Unlike traditional gallery spaces, SAC gallery promotes a friendly and welcoming experience for all visitors and their staff are always on site to assist. Private tours are very welcome with advanced booking. SAC are constantly engaging with the local community, with regular workshops and education programs throughout the year.
Exhibition Information

From abstract paintings to mixed media installation, the latest exhibition of talented Korean artist
Gi-ok Jeon explores her surrounding environment and daily-life scenario. The series of works
genuinely invites audiences to an artistic journey along with the artist’s story through a colorful life
atmosphere. Influenced by an ancient Chinese calligraphy technique, Jeon’s works combine the
dominant identity of western art with trails of eastern touch – illustrating an artistic dialogue of two
aesthetics on the surface of her contemporary art.
Jeon’s abstract paintings represent both western and eastern aspects, combining two different
aesthetic legacies to a new art territory. Found object features with traditional Chinese calligraphy
technique, giving a modern approach from European & American abstract arts. At the same time,
the Chinese brush art also reflects artist identities: the root of her origin or even the movement of
life. The paintings are here seen as the artist’s second world, overlapping territorially with her real-
life events.
Through the history of Abstract art, paintings are mostly seen by Formalism aesthetic which
focuses on actual form and matter of work – metaphor as a physical body and inner soul of artwork.
Besides the form of the paintings, the matter of works unveils her full flavor of life as the artist,
mother, and wife. Even though a connection of form and matter has raised many questions to art
historians about its consistency, Jeon’s work still remarkably indicates the harmony and balanced
life of the artist. Jeon concurrently reveals the relationship between artistic performance and
actual life by painting geometric shapes on the surface with Chinese brush or playing with various
art techniques descended from previous eras.
Calligraphic brushstroke, as a spontaneous automatism practice, has become a basic language
for an abstract art movement. While some western art was influenced by the eastern aesthetic,
Jeon as an Asian artist also adapted the occidental technique to her works. She reveals an
opposition between forms, geometry, colors, and other visual elements through her brush. Her
rapidly spontaneous strokes on the first layer of the surface are repainted by refined and precise
finishing.
West or east – the artistic influences from both sides embed a political context to the artworks.

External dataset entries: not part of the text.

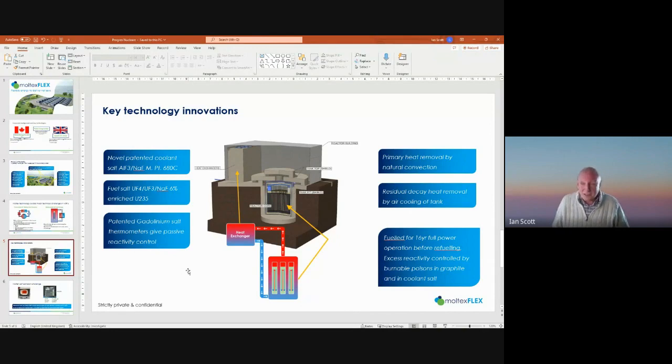The fuel salt is a mixture of uranium fluoride and sodium fluoride — avoiding lithium, beryllium, and equally unpleasant materials. Operating at higher temperature, heat movement within the reactor is entirely by natural convection: natural convection of the fuel salt in the tubes, and natural convection of the coolant salt between the core and the heat exchanger. The heat exchanger is above ground level and therefore relatively easily maintained. Residual cooling, if heat is not taken to the turbines, is simply by air cooling of the tank. The reactor is fueled for 16 years of full-power operation on a single fuel load, with no operator action required over that period beyond basic monitoring.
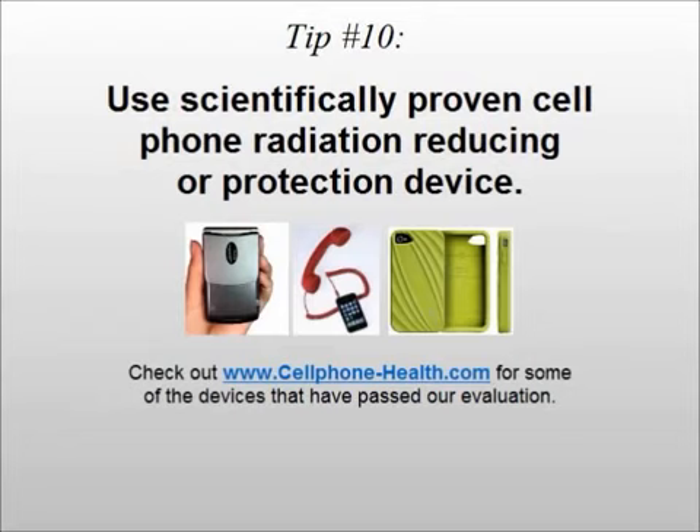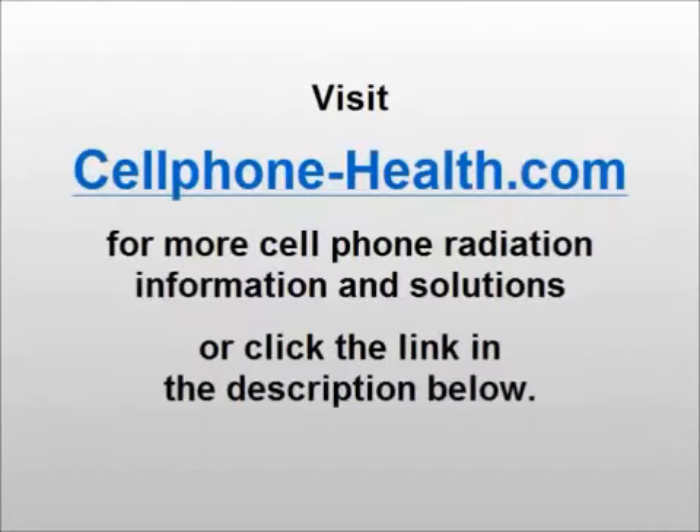Tip number ten: use a scientifically proven cell phone radiation reducing or protection device. Visit cellphone-health.com for devices that have passed their evaluation, for more cell phone radiation information and solutions, or click the link in the description below.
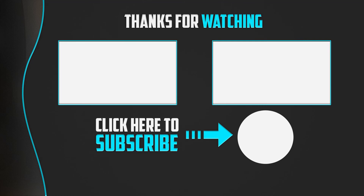Thanks for watching guys. I hope you liked this video. If this video was helpful to you, please make sure to like, comment, and subscribe. If you have any questions related to these products, you can leave a comment down below and I will get back to you as soon as possible.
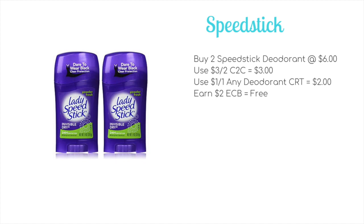First freebie is if you have a dollar off any deodorant CRT, and that is on the Speed Stick. You'll buy two for six dollars, use a three-off-of-two in-app-only coupon to drop it down to three dollars, then use a dollar off any deodorant CRT to drop it down to two dollars, and then you're going to earn back two ECB making it completely free.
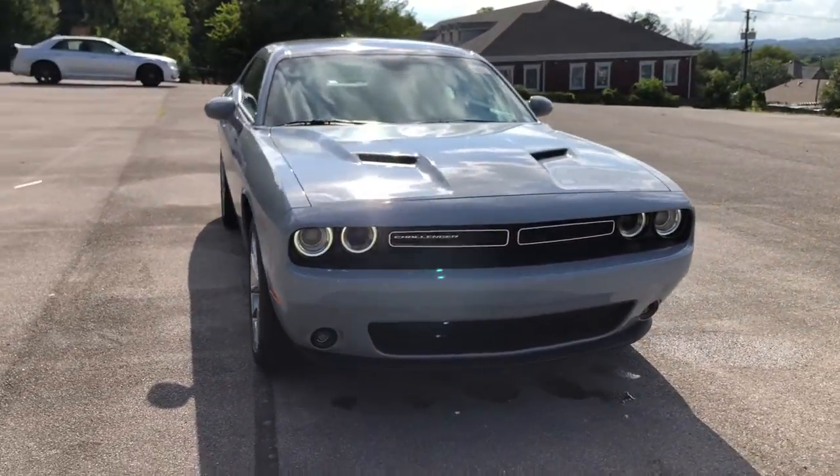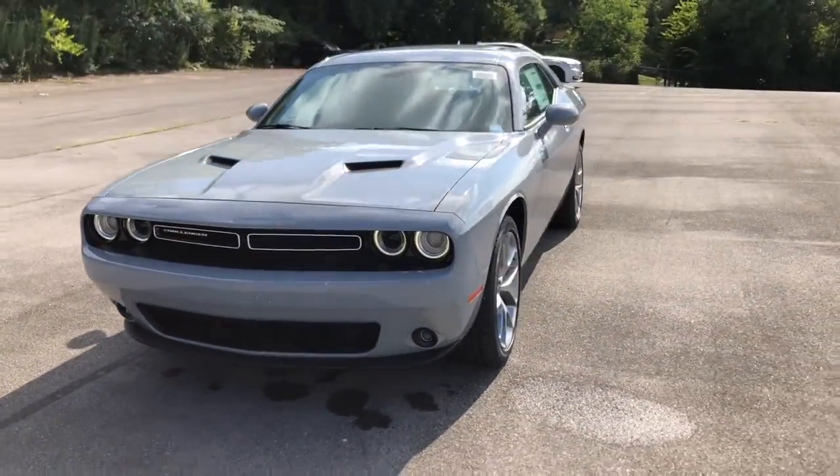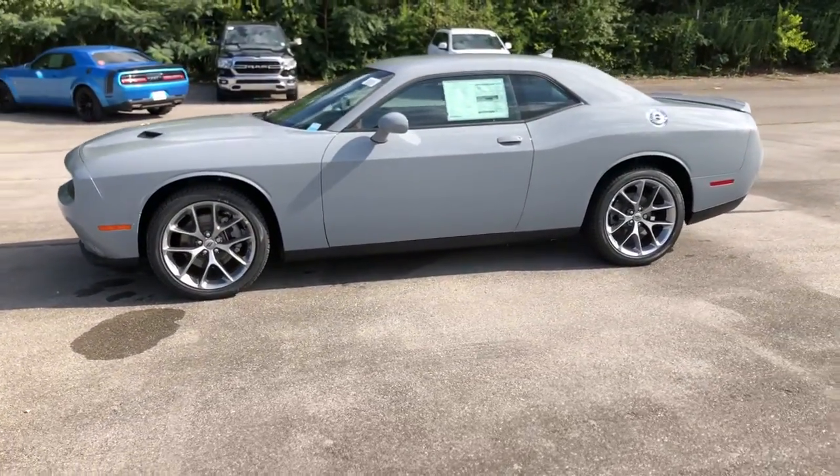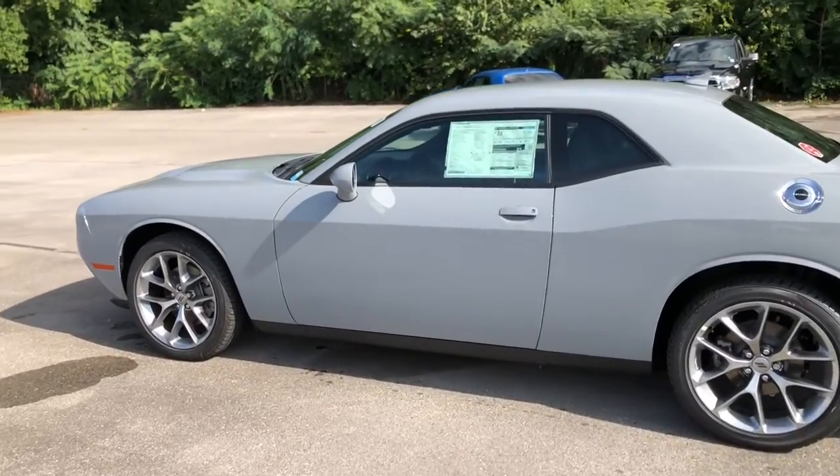MP3 input, backup camera, heated mirrors, fog lamps, Wi-Fi hotspot. Get into a muscle car that knows both rage and refinement. The Challenger awaits.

The intercultural experience of the artist that does not belong to any place or culture, also shows
a significant perspective. The exhibition is seen as a personal record for the artist who moved to
live and work in an unfamiliar culture. This intercultural phenomenon is fabricated in the matter of
her artistic journey.
Apollo and Daphne exposes special characteristics of Jeon’s spontaneous expression and
comprehension of aesthetics. Her abstract paintings appear with contrasts of elements and
media installation imbues with skillful technique, while her Western aesthetics flow back and forth
with eastern sensibility, thus making a blurred line on the boundary between crafts and high art,
giving a sense of joy to the audience.
Artist
Gi-ok Jeon
Gi-ok Jeon was born in South Korea. The artist graduated in fine arts from Seoul with her bachelor’s degree and renowned Beijing Central Academy of Fine Arts for her master’s degree. Jeon moved to Bangkok and art print techniques at the Visual Arts department, Faculty of Fine and Applied Arts, Chulalongkorn University.
Jeon is a mixed-media artist who brings new ideas together with various art techniques: embroidery, wood-cut, drawing, and fabric weaving.
Through the years of her studies and experiences in practicing, Jeon has presented her ideas about identity in multi-cultures society, motherhood, and daily life, influenced by Korean culture, Chinese aesthetic, and life in Thailand. Jeon made her solo exhibitions at Beijing International Art Palace Museum in 1998. In addition to group exhibitions, Korean Pavilion at the Shanghai International Paper Art Biennale (Shanghai),her works were installed at the Korean cultural center (Bangkok), Mu Project (Washington D.C.), and Central Academy of Fine Arts (Beijing).